MRI: Acquisition of a High-Power 2-um Laser System as the Backbone of an Utrafast X-Ray/THz Facility

$12.15M USD

Funder National Science Foundation (US)
Recipient Organization The University of Central Florida Board of Trustees
Country United States
Start Date Sep 01, 2021
End Date Jan 31, 2026
Duration 1,613 days
Number of Grantees 4
Roles Co-Principal Investigator; Former Co-Principal Investigator; Principal Investigator
Data Source National Science Foundation (US)
Grant ID 2117826
Grant Description

This project, Acquiring a High-peak-power High-repetition-rate Ultrafast Infrared Laser System at 2 µm Wavelength, provides the backbone of a multi-user facility named, "User Facility for Attosecond Soft x-rays and Terahertz (UFAST)". With the highest average power of its kind anywhere in the world today, this laser system will enable a tabletop attosecond (a billionth of a billionth of a second) soft-x-ray photon source at record high flux with sufficient photon energies for directly exciting, at the deepest level, essential atoms, such as carbon, nitrogen, and oxygen, and also enable long-wavelength-infrared and terahertz sources of high-field and few – single cycle pulse duration.

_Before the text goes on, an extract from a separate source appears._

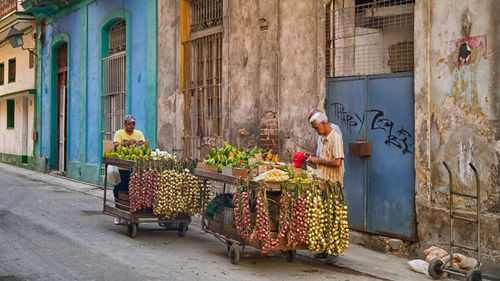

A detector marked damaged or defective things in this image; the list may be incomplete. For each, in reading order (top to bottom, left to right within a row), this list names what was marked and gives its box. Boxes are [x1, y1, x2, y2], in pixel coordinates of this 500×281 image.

These photon sources and the pump laser will be utilized to carry out frontier research projects where facility users develop the world’s fastest x-ray photon source, track electron motion at its natural time scale with atomic spatial resolution, monitor quantum/topological phase transition dynamics, investigate new photo-induced physical and chemical processes in materials, test a new theory for a novel cold-nanoplasma source, and further improve a terahertz spectroscopic tool for probing uncharted regions of the universe. Results of these research projects will advance knowledge and technologies in physical, chemical, and planetary sciences, as well as optical engineering.

UFAST delivers unique parameters that are not available around the world and will enhance US competitiveness in high-flux ultrafast technologies and attosecond science. The engineering and research activities at UFAST will grant graduate and undergraduate students, as well as postdoctoral scholars, access to frontier ultrafast research and technologies, and particularly promote training of minority students in cutting-edge research projects.

The future generation of work force will be trained in the construction and operation of a unique facility involving advanced photon sources and detectors, and will obtain research, teamwork, and leadership skills. In addition to the multidisciplinary nature of its applications, the facility will be accessible to users across the US and from around the world and will stimulate collaborations across research fields and institutions, as well as between experimentalists and theorists.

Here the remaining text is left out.